Help understanding _

Can someone help me understand the semantics of _ when creating anonymous functions?

If r has type Iterable[Int],
then I can use r.groupBy(a=>a) and expect it to have type Map[Int, Iterable[Int]].
However _ is not interpreted as the identity function in the following: r.groupBy(_)

val s1 = r.groupBy(a=>a)
val s2 = r.groupBy(_)

s1 has type Map[Int, Iterable[Int]] which is good.
But s2 unfortunately has type ((Int) => K_) => Map[Nothing, Iterable[Int]]

So apparently Scala interprets r.groupBy(_) as the body of the function whose argument is _ rather than considering the argument of groupBy as the identity function.
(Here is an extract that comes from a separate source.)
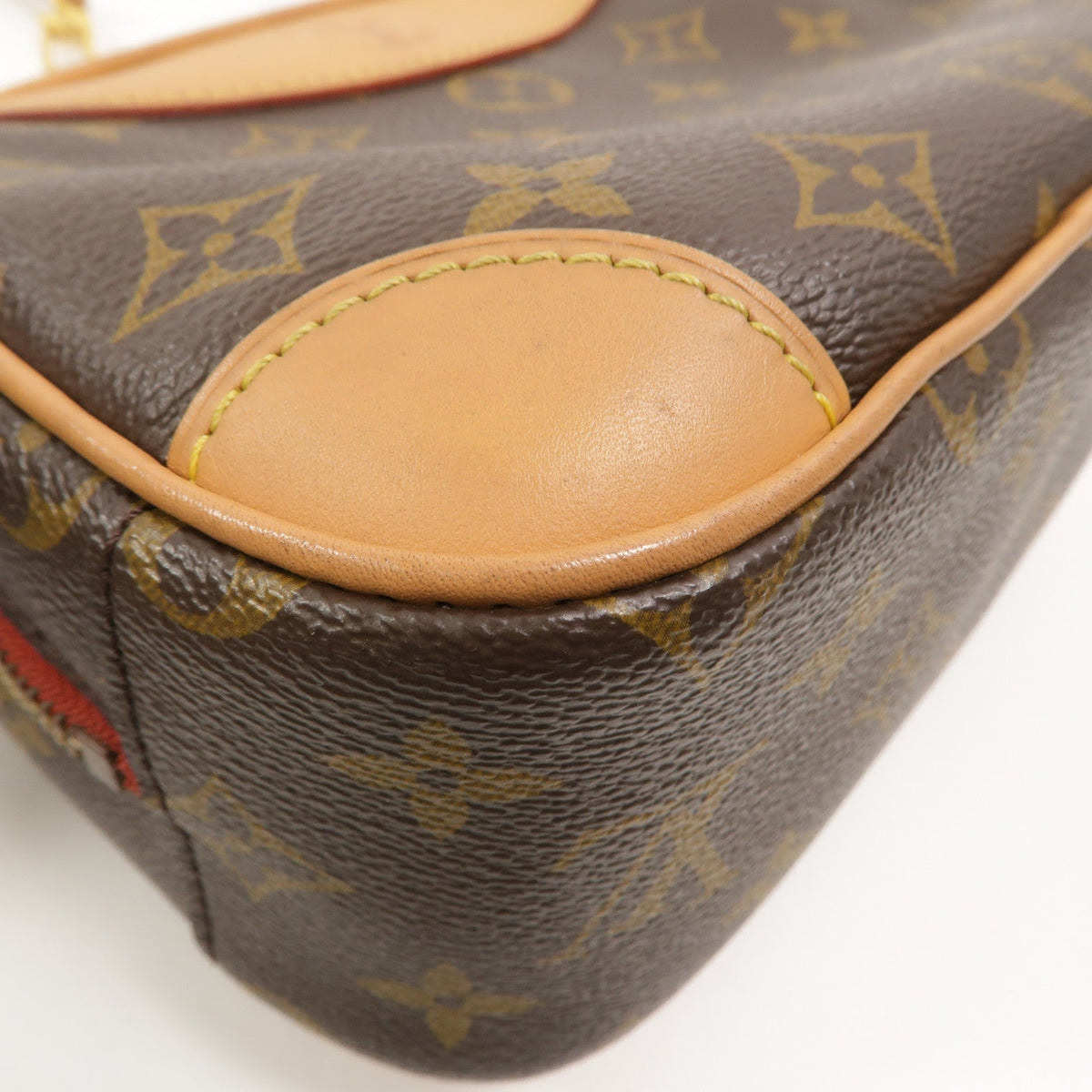 Louis Vuitton Deauville Mini · Monogram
How does Scala determine the body of the function when I use an _ ?

Scala always expands _ to the nearest enclosing expression, if that makes any sense.

So the following transformations hold:

r.groupBy(_)                ~~>  x => r.groupBy(x)
r.groupBy(_.toString)       ~~>  r.groupBy(x => x.toString)
r.groupBy(foo(_))           ~~>  r.groupBy(x => foo(x))
r.groupBy(bar(foo(_)))      ~~>  r.groupBy(bar(x => foo(x)))
r.groupBy(bar(_.toString))  ~~>  r.groupBy(bar(x => x.toString))

If you want to express a => a differently you could also say r.groupBy(identity).

1 Like

Perhaps r.groupBy((_)) would have worked, but I didn’t try it.

Tried it. Doesn’t work. That being said, I really don’t understand Scala parentheses. :frowning:
In the example r.groupBy(( _ )), isn’t the nearest enclosing expression exactly ( _ ) ?

Of course I agree that r.groupBy(identity) is the best solution. I’m just trying to understand whats happening with the mysterious parens and underscore.